* _How to complete this task_: The full text of the records below, minus any pictures, should be given back word for word.
------ Supplied material
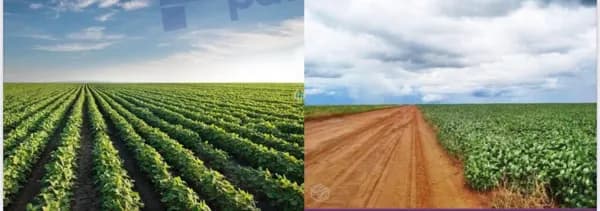 Maravilhosa Fazenda á Venda em Mato Grosso !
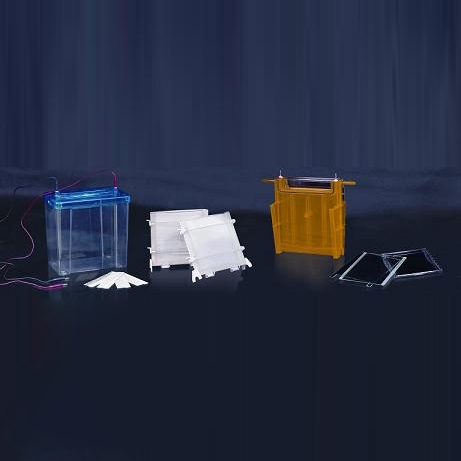 北京六一雙垂直電泳槽DYCZ-24F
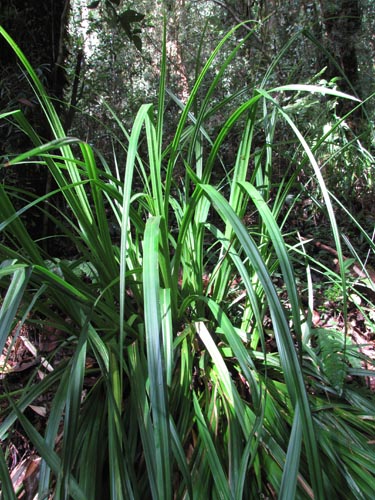 Image of Uncinia erinaceae (). Click to enlarge parts of image.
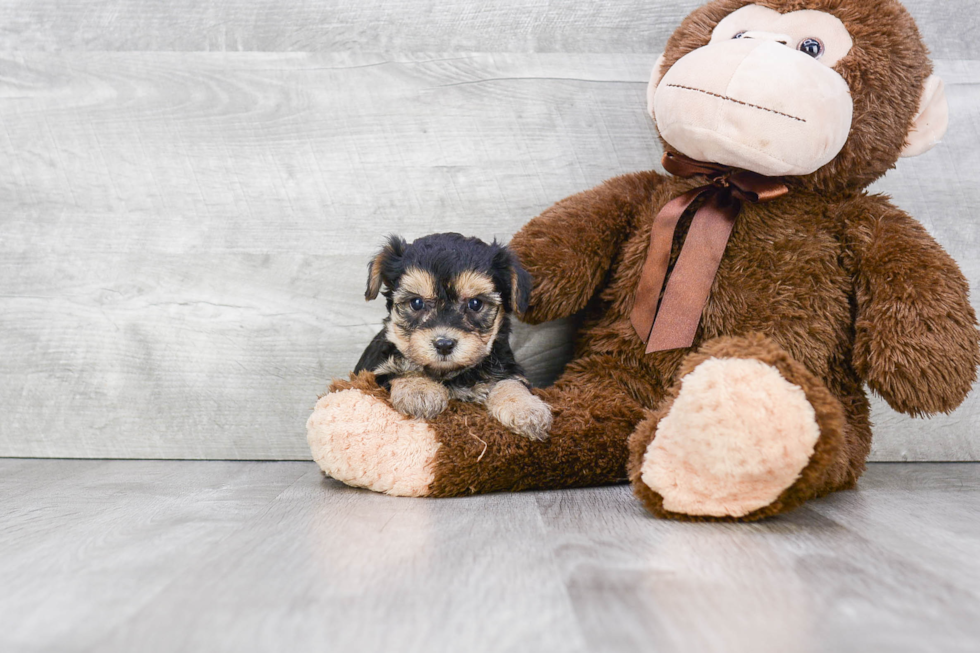 Friendly Morkie Baby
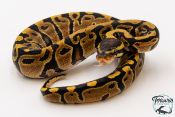 Python royal - Python regius Yellow Belly het Clown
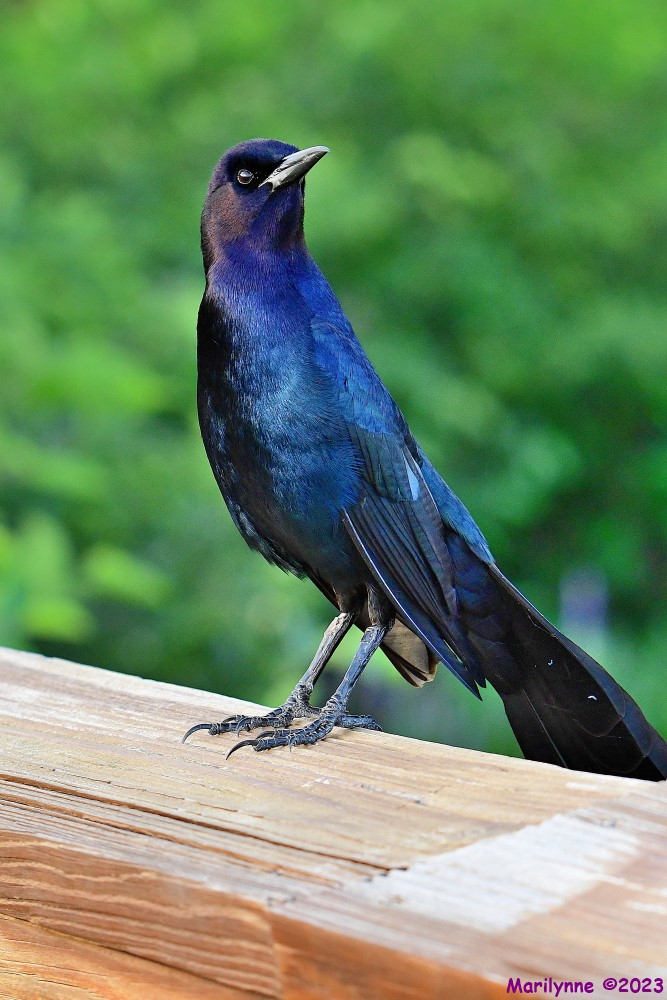 DSC_5535_001.JPG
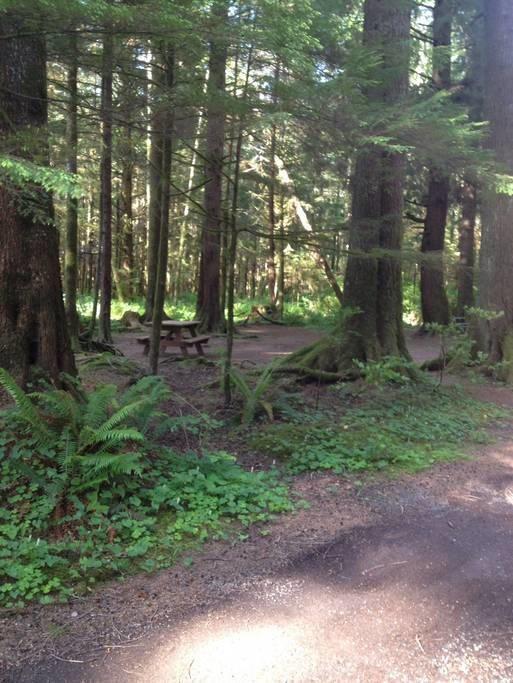 Three Rivers Resort Forks Bagian luar foto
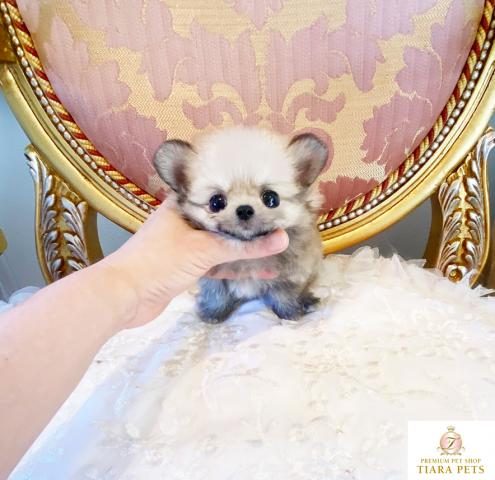 ★超超超超超スーパー極小サイズ！！アニメキャラクターの様な♪キューピー君★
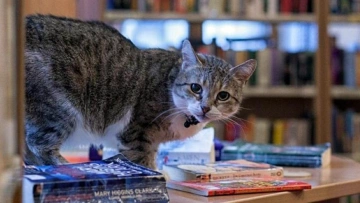 Кошка Муся из петербургской библиотеки признана лучшей ...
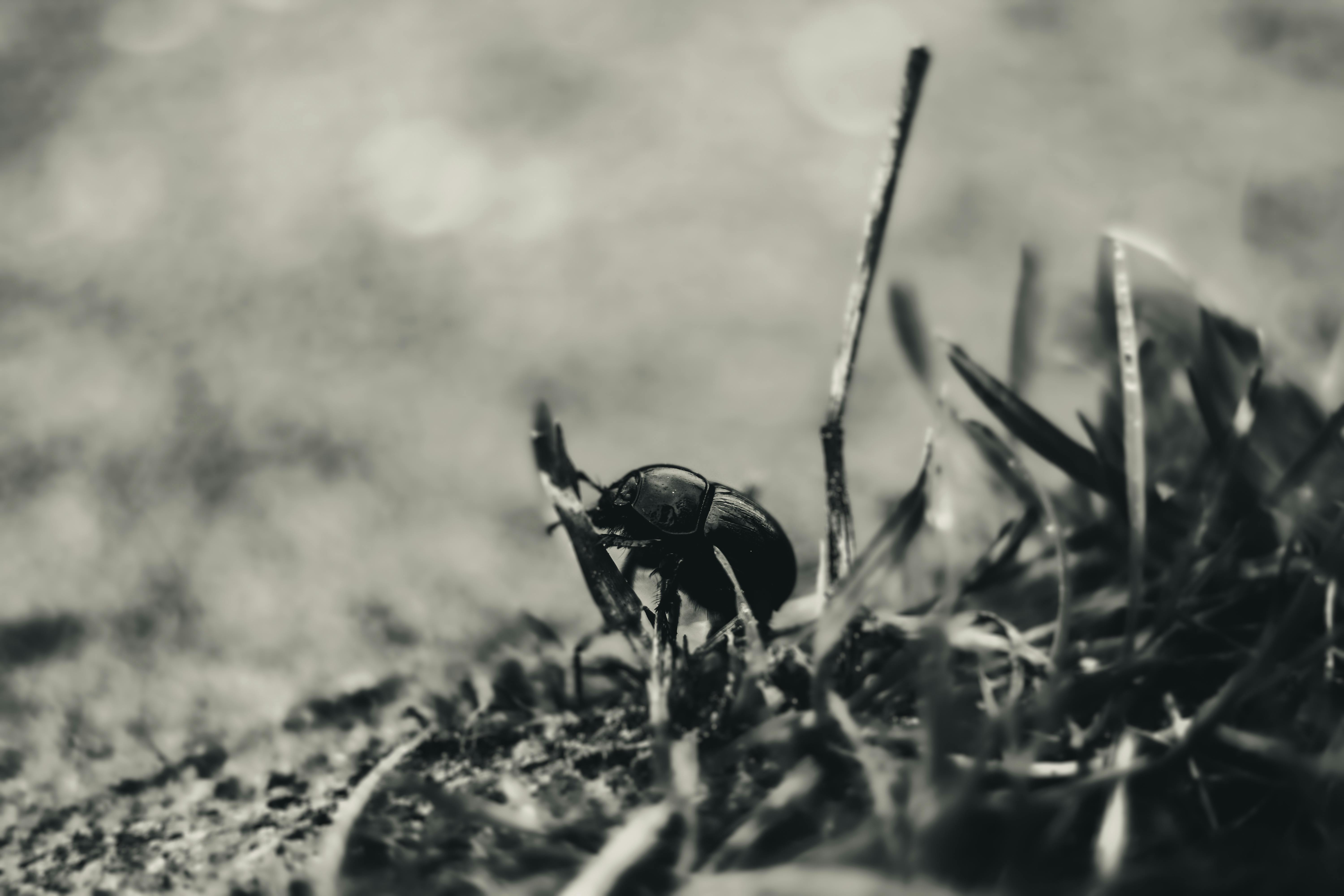 Black and white photograph of a beetle amidst grass, showcasing nature's details.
------------
* _Answer below_:
 Maravilhosa Fazenda á Venda em Mato Grosso !
 北京六一雙垂直電泳槽DYCZ-24F
 Image of Uncinia erinaceae (). Click to enlarge parts of image.
 Friendly Morkie Baby
 Python royal - Python regius Yellow Belly het Clown
 DSC_5535_001.JPG
 Three Rivers Resort Forks Bagian luar foto
 ★超超超超超スーパー極小サイズ！！アニメキャラクターの様な♪キューピー君★
 Кошка Муся из петербургской библиотеки признана лучшей ...
 Black and white photograph of a beetle amidst grass, showcasing nature's details.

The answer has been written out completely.